RECORDED DATA |
:::

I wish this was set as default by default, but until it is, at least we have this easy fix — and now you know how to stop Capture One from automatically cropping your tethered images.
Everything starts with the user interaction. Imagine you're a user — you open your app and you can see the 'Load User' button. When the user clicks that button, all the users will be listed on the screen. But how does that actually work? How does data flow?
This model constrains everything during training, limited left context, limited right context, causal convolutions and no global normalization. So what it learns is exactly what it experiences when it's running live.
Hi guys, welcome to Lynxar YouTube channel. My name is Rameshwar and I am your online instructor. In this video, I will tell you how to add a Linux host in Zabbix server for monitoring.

:::

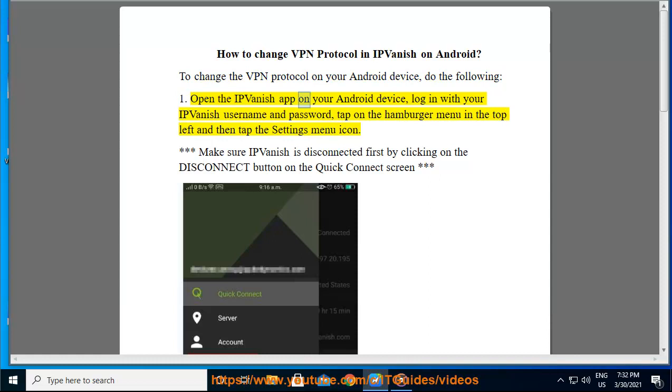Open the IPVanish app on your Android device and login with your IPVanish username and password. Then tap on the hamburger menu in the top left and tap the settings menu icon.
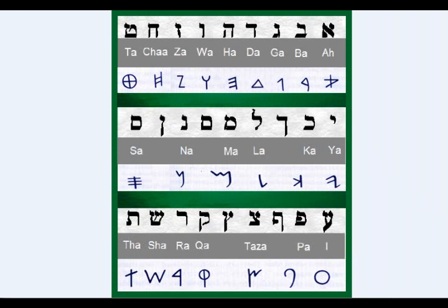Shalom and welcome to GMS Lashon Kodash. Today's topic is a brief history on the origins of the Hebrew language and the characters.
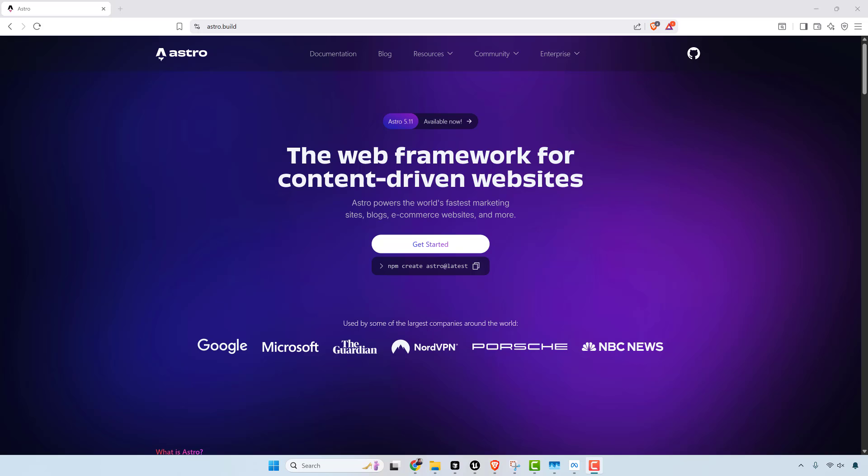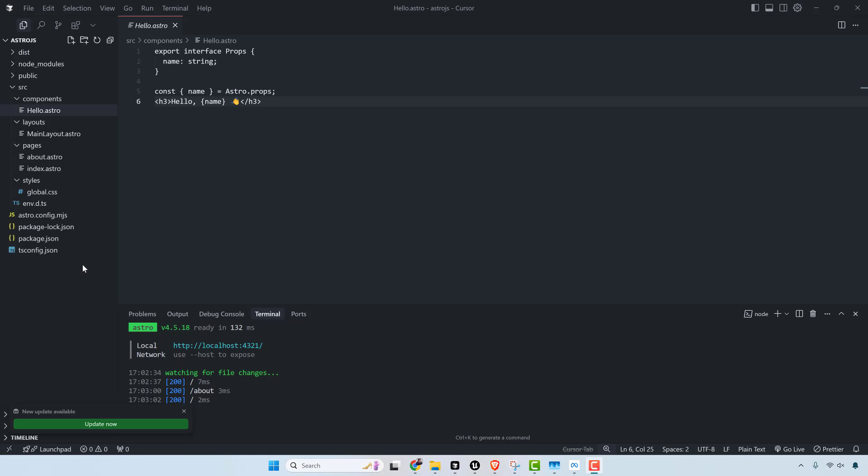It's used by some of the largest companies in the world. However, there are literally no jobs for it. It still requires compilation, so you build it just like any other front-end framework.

:::

ABOUT THIS TASK | Using the records above, list each line that includes "will".

WRITTEN ANSWER |
Everything starts with the user interaction. Imagine you're a user — you open your app and you can see the 'Load User' button. When the user clicks that button, all the users will be listed on the screen. But how does that actually work? How does data flow?
Hi guys, welcome to Lynxar YouTube channel. My name is Rameshwar and I am your online instructor. In this video, I will tell you how to add a Linux host in Zabbix server for monitoring.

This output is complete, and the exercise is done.